En Proa, Septiembre - Octubre de 1997


Rara vez un país tan chico como Chile ha tenido un poeta tan incuestionablemente grande como Neruda, construido, sin embargo, de su misma materia, e incluso, de alguna manera, hecho a su medida. El trece de este mes, de haber vivido, hubiera celebrado sus setenta y cinco años y uno se imagina una fiesta de cumpleaños como sólo él sabía darlas: con globos y sombreros de papel, regalos, sorpresas, prestidigitadores y serpentinas como las fiestas de esos niños privilegiados que él no fue, pero que, consciente de que toda celebración es pura invención, más tarde se las prodigó bulliciosa y alegremente, regadas con los vinos pipeños de Chile, o con los nobles vinos franceses que era experto en catar.

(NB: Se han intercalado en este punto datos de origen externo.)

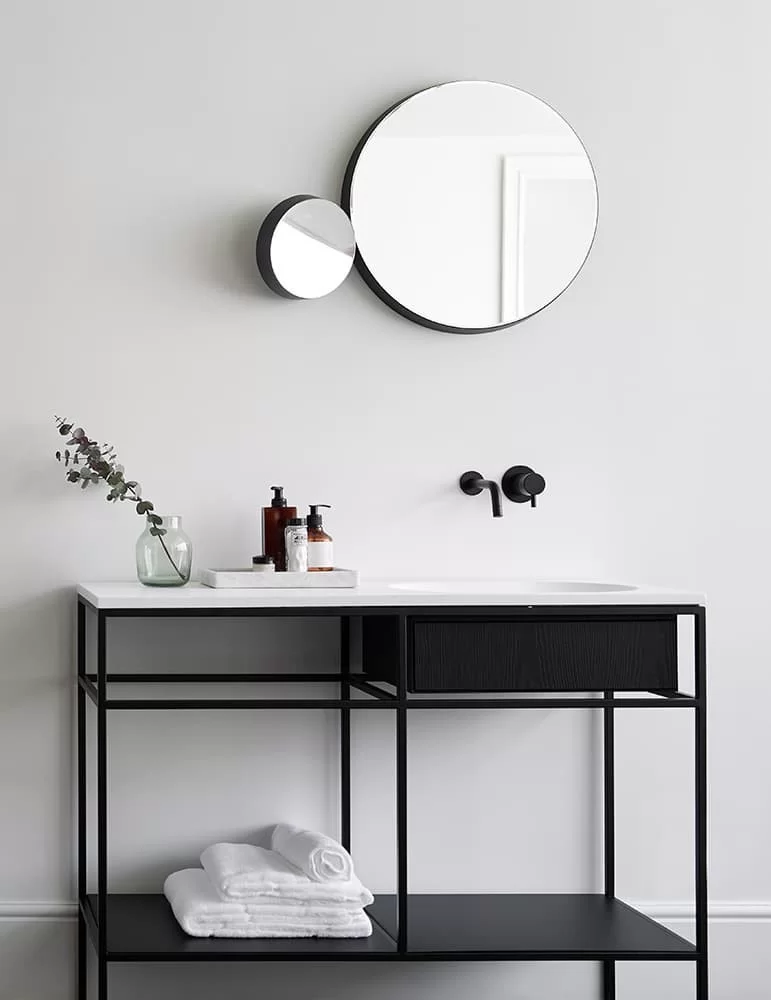 Miroir rond Gravity de Samuel Wilkinson pour Ex-t Design Miroir rond Gravity de Samuel Wilkinson pour Ex-t Design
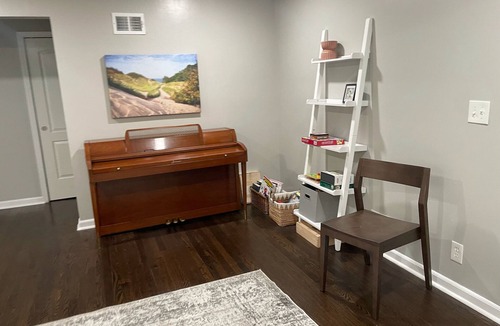 Tower Homes House | Comfortable KC Guest House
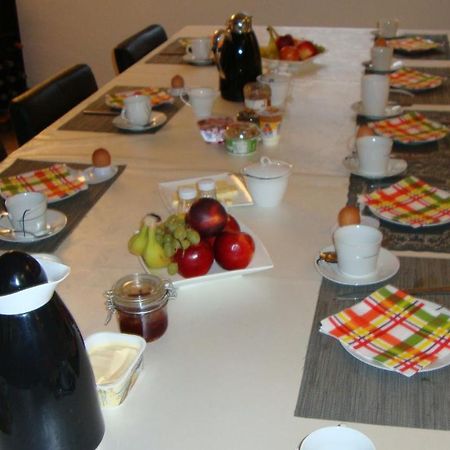 Pension Am Weinberg Mesenich Bagian luar foto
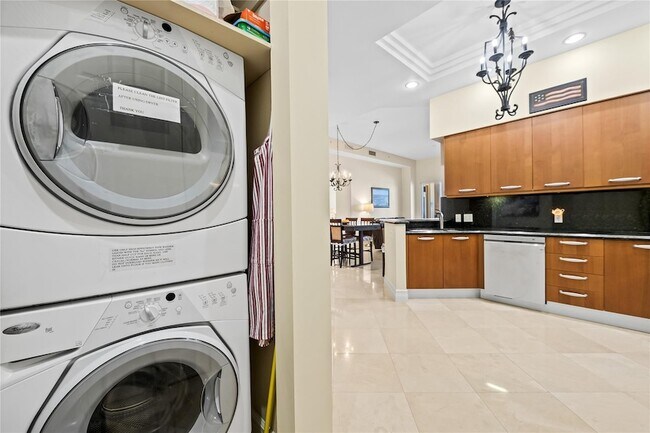 Building Photo - 4444 El Mar Dr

Pienso que este Baco de las celebraciones, a quien conocí gordo y maduro y risueño, había sido al llegar de su nativo Temuco sureño a Santiago, un muchacho flaco y sombrío, siempre vestido de negro porque iba enlutado por el dolor del mundo, disfrazado de sí mismo con el chambergo y la capa de los poetas, tal como lo ha inmortalizado la fotografía de Sauré. Sabemos mucho del Temuco de donde venía por sus recuerdos y poemas, pero ese Temuco de los araucanos y de la sinfonía de goteras cayendo en los distintos recipientes colocados en el suelo de su pobre casa no consiguió proyección más que porque la imaginación de Neruda lo recogió. Su relación tan extraordinariamente amable con el mundo de lo humildemente cotidiano lo hizo explorador y descubridor en ese ambiente, el Livingston de las gredas de Quinchamalí y de Pomaire, el Scott de los chamantos, el Speke del cilantro y el pebre, y una vez descubiertos y engarzados en su poesía, estos objetos que para nosotros eran ignorados hasta que él los señalara, se transformaron en los mitos que nos fueron definiendo. En mi juventud, como casi todos los escritores chilenos de mi generación, yo viví borracho de Neruda. Hoy, sé que cierta juventud habla de un igualamiento suyo con otros astros de la poesía chilena, Vicente Huidobro, Gabriela Mistral, a quienes la inmensa reputación de Neruda, lanzó a la sombra: pero la verdad es que ninguno de estos nos hizo mella, ninguno nos impulsó a reconocer en el modesto mundo que nos rodeaba, equivalencias con lo que otros países del continente tenían y nosotros no: razas y ruinas, códigos y virreinatos. Después que Neruda canonizó a la paloma de greda de Pomaire se terminaron nuestros complejos de inferioridad, y los nombres de nuestros pájaros y árboles -loica, patagua- y de nuestros sitios -Puerto Saavedra, Lago Budi- antes ignorados, se instauraron en nuestra imaginación como presencias áureas.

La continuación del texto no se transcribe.